[Part 2 of 14. Solovki 2013]
I am heading to the Solovetskie Islands as part of an international network of scholars from six universities in the United States, United Kingdom, and Russia studying the environmental history of Russia. Spearheaded by David Moon of the University of York (UK), the three-year project, funded generously by The Leverhulme Trust in the UK, is tasked to explore Russia’s Environmental History and Natural Resources.
Read more about the project here: http://www.york.ac.uk/history/research/majorprojects/russiasenvironmentalhistory/
A combination of field trips, on-site research, conferences, and publications, the project is designed to expand significantly our understandings of Russian environmental history and resource use—topics that are of tremendous importance to humanity today. Russia, with its vast landscapes, forests, water reserves, minerals, and oil and gas, will be a determining player in how our planet and the humans on it change and live in the coming years.
And environmental history—an exploration of how humans have intersected with the non-human world in the past—is very important to making sense of the world today. Historians explore change and continuity over time and the ways in which humans have both created that change and responded to it. There seems little doubt that our climate and our environment will anything but static in the coming years. How we as a species respond to those transformations will be crucial to our fate and the future of the planet. And the insights that historians can give about how change occurs and how humans react to change will be essential.
I’m honored and excited to be a part of this project. Over the coming years, a core of scholars plus many invited guests from the six universities will travel to see three of the most interesting ecological and human sites in the former Soviet Union: the Solovetskie Islands, Chernobyl, and Lake Baikal. At each site we will hold a conference, present fresh research, collect data, and, through field research, explore the ecological histories of these sites. We’ll finish up with a final meeting and conference at the University of York in England in 2016.
The Network offers a chance to work with scholars from different national backgrounds and different scholarly disciplines. Working together, we will learn a great deal more and achieve a great deal more than we could individually.
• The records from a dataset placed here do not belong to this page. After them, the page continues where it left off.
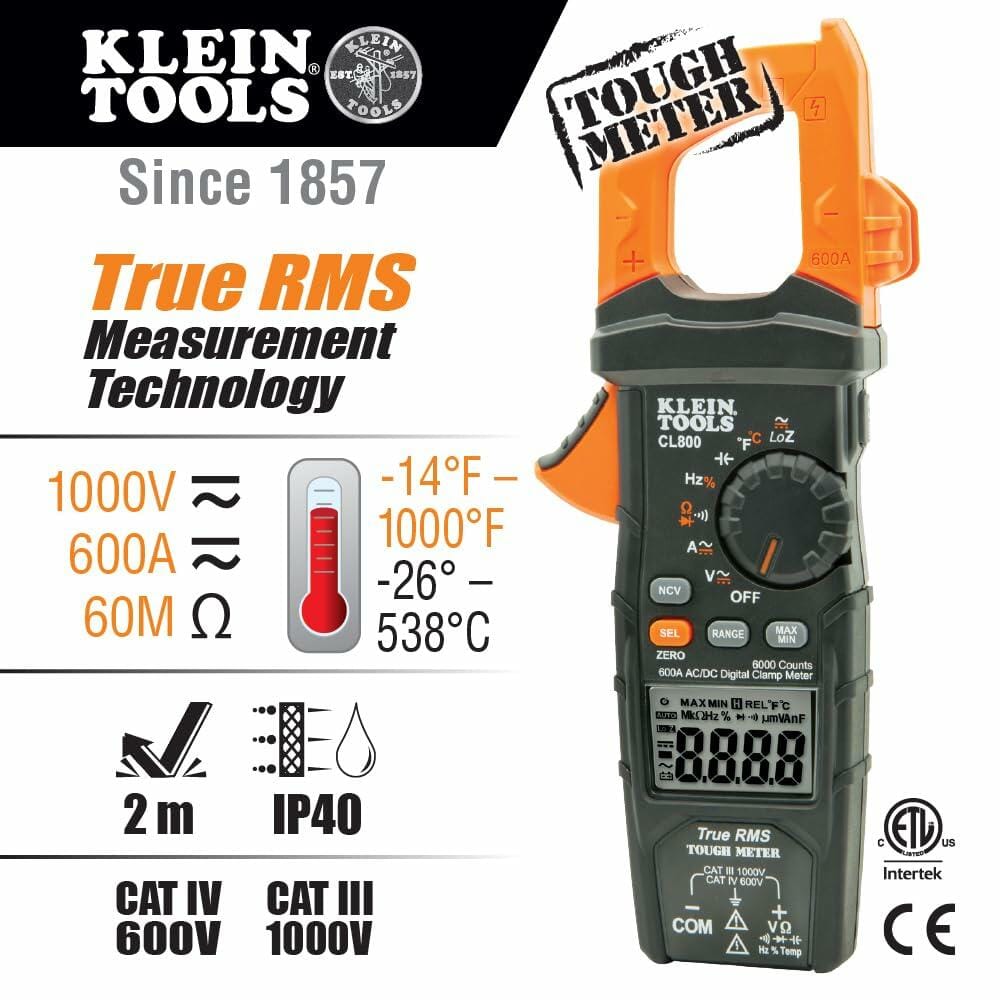 Promotional graphic of Klein Tools CL800 clamp meter with key specs including 600A current, 1000V voltage, True RMS, IP40 rating, and CAT IV safety certification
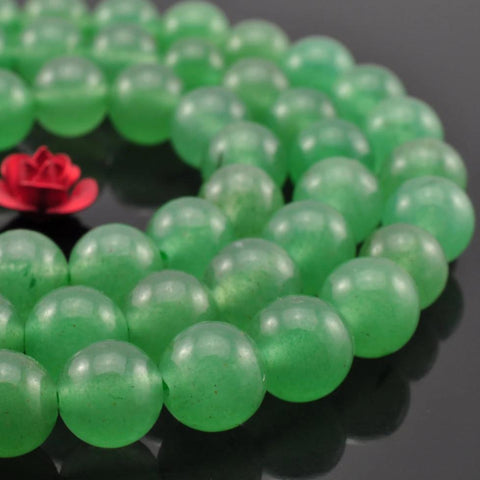 64 pcs of Green Aventurine smooth round beads in 6mm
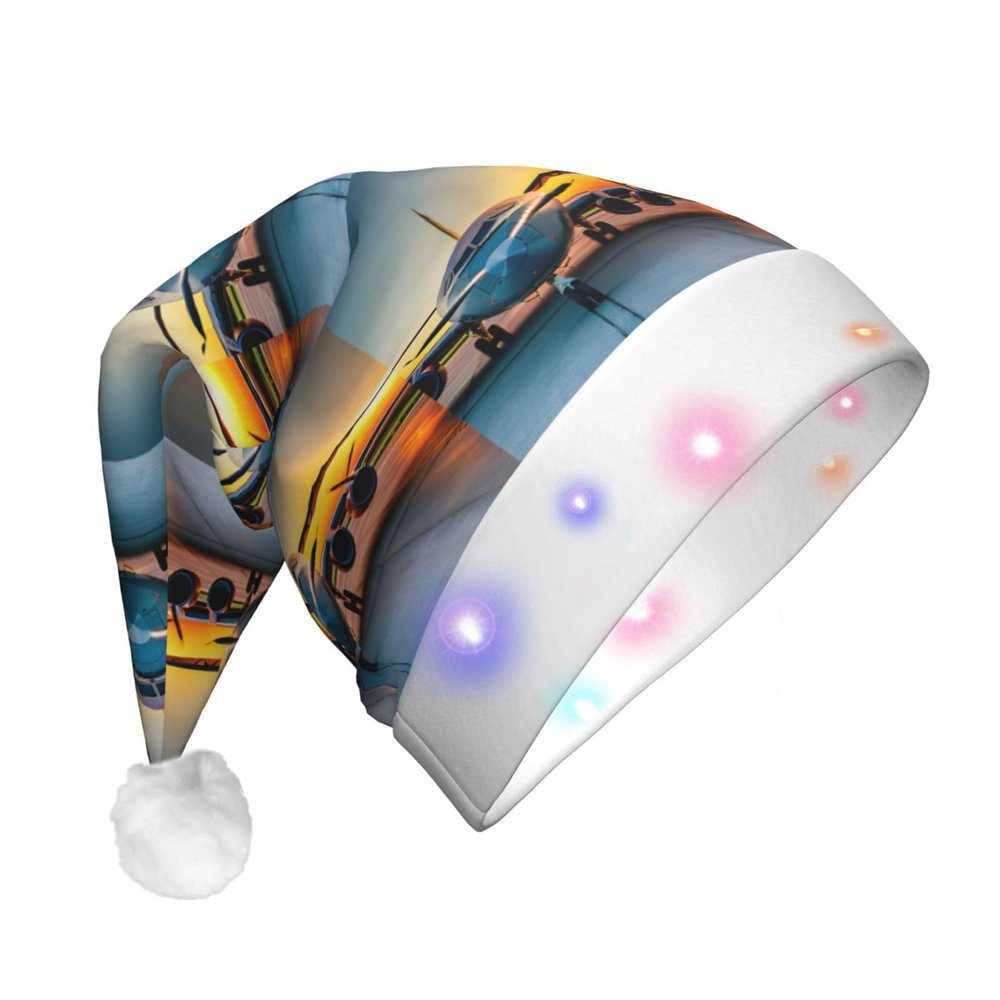 ABYchdd Aircraft Plane At Sunsets Print Adult Glowing Led Christmas Hat, Polyester 3-Mode Light Led Hat For Holiday Gatherings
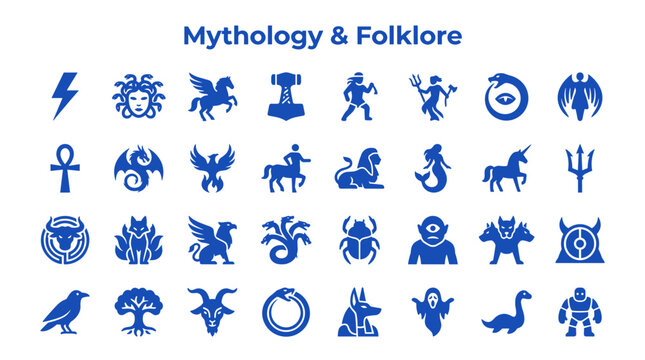 Mythology and Folklore Icons Collection Diverse Legendary Creatures and Symbols Set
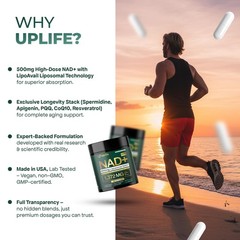UPLIFE NAD+ Supplement 1,372mg Liposomal NAD+ with CoQ10, Resveratrol, Spermi…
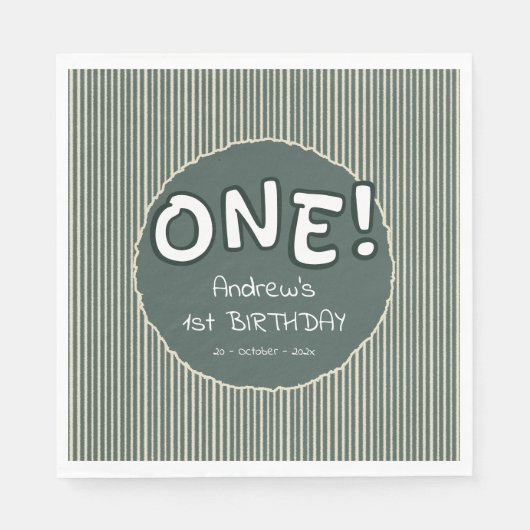 Serviette En Papier Dark Green Stripes 1st Birthday (Devant)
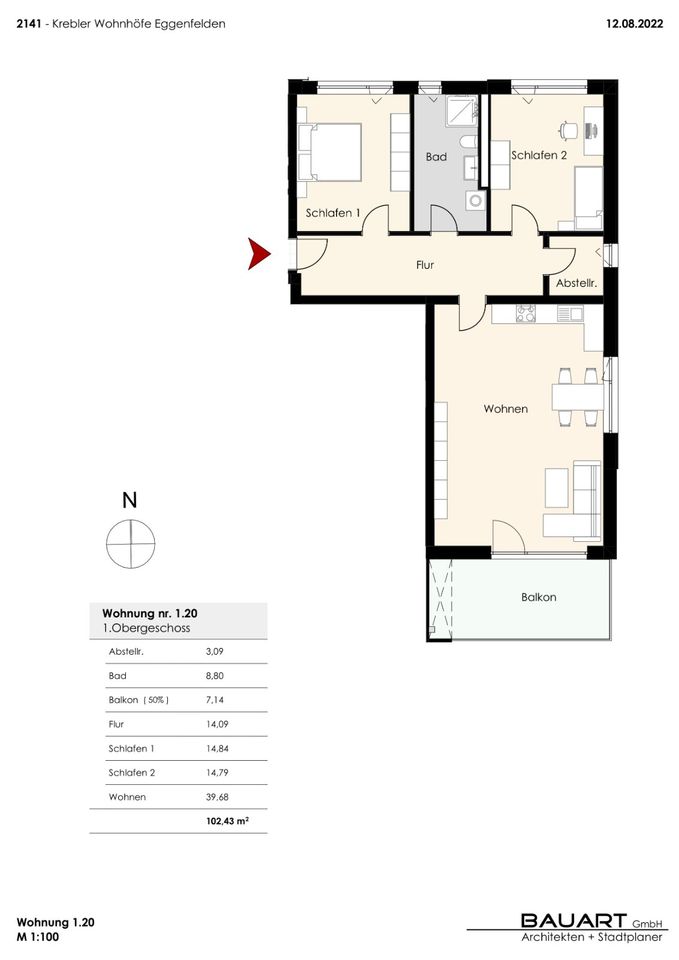 Neubau: 3-Zimmer Wohnung im 1.OG mit hochwertiger Küche und großem Balkon ( Ref.Nr. 1.20 ) in Eggenfelden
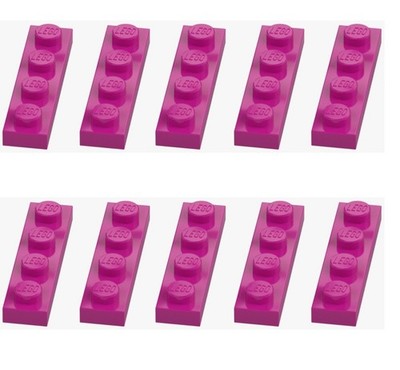 LEGO  10x Platte 1x4 Bright Reddish Violet 6037652 3710 Rosa Plate Bauplatte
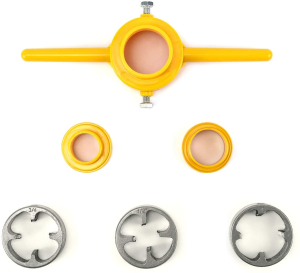 6 Pcs/Set Pvc Thread Maker Yellow tube Threader Tool Set Lastic Durable Screw Die Set tube Threader Hand Tool Screw Tap tube Threader Tool Die Set Thread Maker Pvc Thread Tool Maker tube Round Die Set tube 3 Dies 1/2 "3/4" 1 "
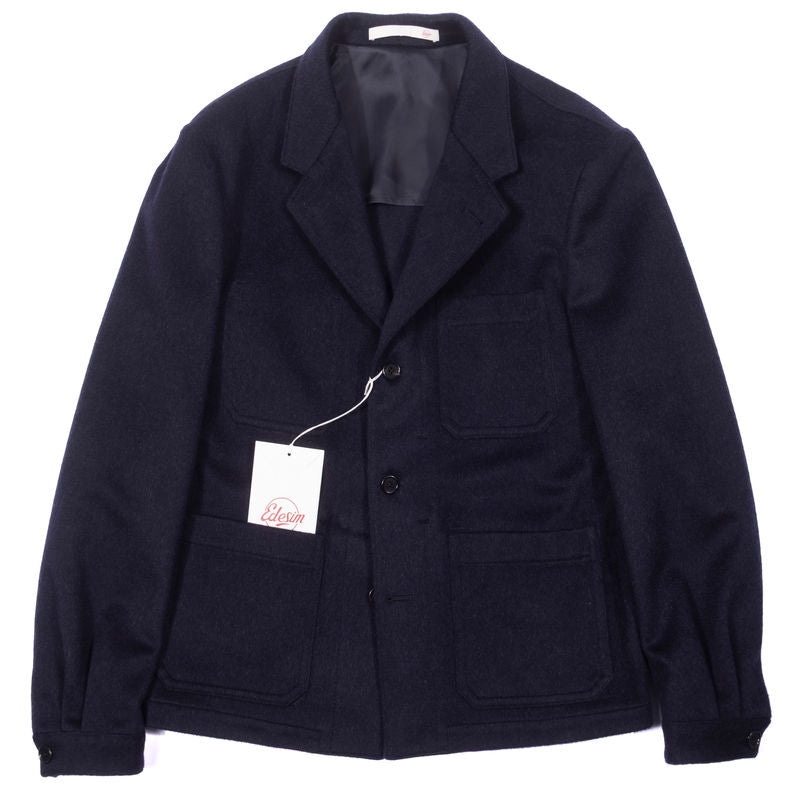 Neapolitan Hand Tailored Navy Utility Jacket, Wool, Sz 50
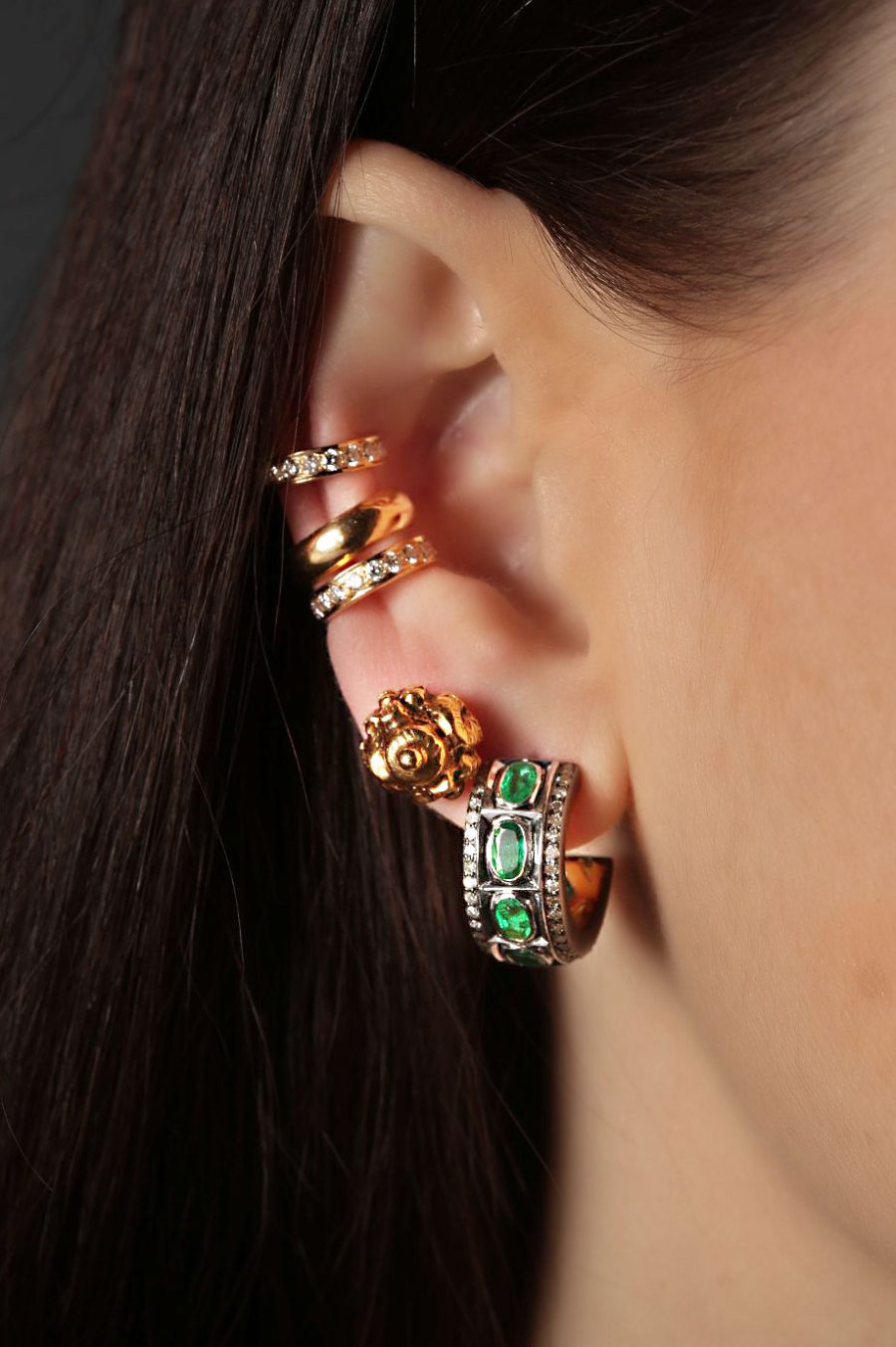 Simple & Classic Natural Emerald & Diamond Hoop Earring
And we will approach the study of history differently from usual. In addition to the standard historical tools of hours in libraries and archives analyzing old documents, we will spend time in the field together. Environmental history, more than any other historical subfield, can’t solely be studied from a desk. We need to get our boots muddy, see the sites, smell the smells, clamber over rocks, get bitten by mosquitoes, and perhaps wander through a little radiation.